HARKER HEIGHTS — Just one week after the Killeen Independent School District Board of Trustees voted to ask taxpayers for $426 million in school construction and renovations in a May 5 bond issue, nearly 20 district officials gathered Tuesday night in the Harker Heights High School auditorium for the first of five bond voter education meetings.
However, no residents showed up, and the meeting was canceled.
District officials were ready to discuss details of the most expensive bond issue in district history. The meeting would have discussed how the bond works and is financed, along with other background information about district operations.
About a half-hour after the planned start time on a rainy Tuesday evening before an empty auditorium, Superintendent John Craft called off the meeting.
“I would say it’s surprising. I anticipated some community engagement,” Craft said. “At the same time, I do think we worked really hard to get the message out and we’ve worked hard to educate the community to what is entailed. We will continue to host the meetings both at our campuses as well as throughout the community.”
A second meeting is scheduled for 6 p.m. today at Killeen High School.
The bond issue to appear on the May 5 ballot is split into two propositions. Proposition A, worth $235 million, would make schools more ADA compliant, building one high school and one elementary school. The district would also be able to finish adding vestibules and intercoms for security at schools.
Proposition B, worth $191 million, would pay for consolidation of some schools and renovations to Killeen High Schools.
Craft said he hasn’t seen much opposition to the bond issue at this point. Moreover, chief communication officer Terry Abbott cited “a landslide” of support for the ballot items from a previous phone survey in November, which anticipated the bond passing by a 19-point margin, he said.

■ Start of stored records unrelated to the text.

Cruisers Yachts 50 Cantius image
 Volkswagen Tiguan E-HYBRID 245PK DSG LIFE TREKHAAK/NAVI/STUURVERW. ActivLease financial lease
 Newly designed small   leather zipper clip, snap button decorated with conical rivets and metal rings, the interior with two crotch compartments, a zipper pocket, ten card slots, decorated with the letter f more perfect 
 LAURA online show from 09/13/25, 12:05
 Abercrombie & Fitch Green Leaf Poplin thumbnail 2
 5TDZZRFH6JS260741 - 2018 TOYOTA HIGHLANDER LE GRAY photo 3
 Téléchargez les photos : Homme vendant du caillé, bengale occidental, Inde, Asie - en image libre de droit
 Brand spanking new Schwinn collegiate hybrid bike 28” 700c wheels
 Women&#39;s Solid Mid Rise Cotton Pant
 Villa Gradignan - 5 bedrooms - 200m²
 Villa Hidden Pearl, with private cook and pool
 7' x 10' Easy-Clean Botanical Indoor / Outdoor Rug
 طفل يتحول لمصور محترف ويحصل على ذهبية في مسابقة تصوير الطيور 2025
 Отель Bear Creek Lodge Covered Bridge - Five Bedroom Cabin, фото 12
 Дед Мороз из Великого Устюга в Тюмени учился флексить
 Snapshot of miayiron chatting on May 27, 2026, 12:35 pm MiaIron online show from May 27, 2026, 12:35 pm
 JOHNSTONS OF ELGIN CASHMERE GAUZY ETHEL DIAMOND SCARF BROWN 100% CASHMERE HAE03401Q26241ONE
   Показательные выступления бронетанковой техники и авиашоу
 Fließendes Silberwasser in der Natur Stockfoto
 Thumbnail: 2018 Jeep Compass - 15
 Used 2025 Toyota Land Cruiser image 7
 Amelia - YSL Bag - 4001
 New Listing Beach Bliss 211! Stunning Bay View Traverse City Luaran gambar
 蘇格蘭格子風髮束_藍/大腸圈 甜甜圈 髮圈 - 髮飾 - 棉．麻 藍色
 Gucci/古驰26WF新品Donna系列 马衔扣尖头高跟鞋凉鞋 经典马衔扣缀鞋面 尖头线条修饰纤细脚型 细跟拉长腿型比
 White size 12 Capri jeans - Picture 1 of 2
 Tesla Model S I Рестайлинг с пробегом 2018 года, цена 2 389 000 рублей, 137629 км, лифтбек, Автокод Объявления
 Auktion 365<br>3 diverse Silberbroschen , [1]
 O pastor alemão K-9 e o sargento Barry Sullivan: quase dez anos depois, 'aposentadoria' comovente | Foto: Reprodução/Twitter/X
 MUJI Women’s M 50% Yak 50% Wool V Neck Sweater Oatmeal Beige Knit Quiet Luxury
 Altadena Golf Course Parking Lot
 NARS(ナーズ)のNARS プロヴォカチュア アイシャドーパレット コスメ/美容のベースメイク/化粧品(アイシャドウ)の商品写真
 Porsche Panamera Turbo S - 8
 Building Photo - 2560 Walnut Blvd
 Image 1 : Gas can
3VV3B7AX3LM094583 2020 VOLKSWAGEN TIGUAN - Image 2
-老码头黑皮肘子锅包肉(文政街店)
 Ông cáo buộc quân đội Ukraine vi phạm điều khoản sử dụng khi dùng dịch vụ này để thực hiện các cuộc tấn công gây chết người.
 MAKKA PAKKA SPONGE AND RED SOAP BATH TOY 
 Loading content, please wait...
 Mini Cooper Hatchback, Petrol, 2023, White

An optional faculty meeting was held prior to the scheduled bond voter education meeting. Craft said a “good turnout” came to that meeting, and that no employees were paid overtime or compensated in any fashion for attending either meeting.
Abbott said future meetings will develop according to how the general public responds to them. Abbott also encouraged citizens to submit questions at www.killeenisdbond.org.
The locations of the meetings were spread throughout the district geographically, according to Abbott, and were chosen to be representative of the projects to take place if the bond issues pass.
“As we go, if we get a series of questions on a certain topic, (KISD) will add to the presentation,” he said. “The whole idea is to listen what the public has to say, answer questions and be responsive. At every meeting, people will be allowed to ask questions.”
As district officials chatted among empty seats in the HHHS auditorium Tuesday, Craft shut off his PowerPoint presentation and waved for everybody to go home.
“I want to remain cautiously optimistic,” Craft said. “Obviously, it’s early, but at the same time, we’re going to continue to work hard to ensure the appropriate information is provided to our community, and that any questions the community has our answered.”
Two more meetings will occur this week. Meeting No. 2 will be 6 p.m. today in the Killeen High School auditorium on North 38th Street.
Meeting No. 3 will be 6 p.m. Thursday in the lecture hall at the Career Center on Stagecoach Road.
The fourth meeting will be 6 p.m. March 8 in the cafeteria at Nolan Middle School on East Jasper Drive.
Meeting No. 5 will be held 4:30 p.m. April 5 at Central Texas College on West Central Texas Expressway.
The last meeting will be held 6 p.m. April 9 in the cafeteria at Skipcha Elementary on Prospector Trail in Harker Heights.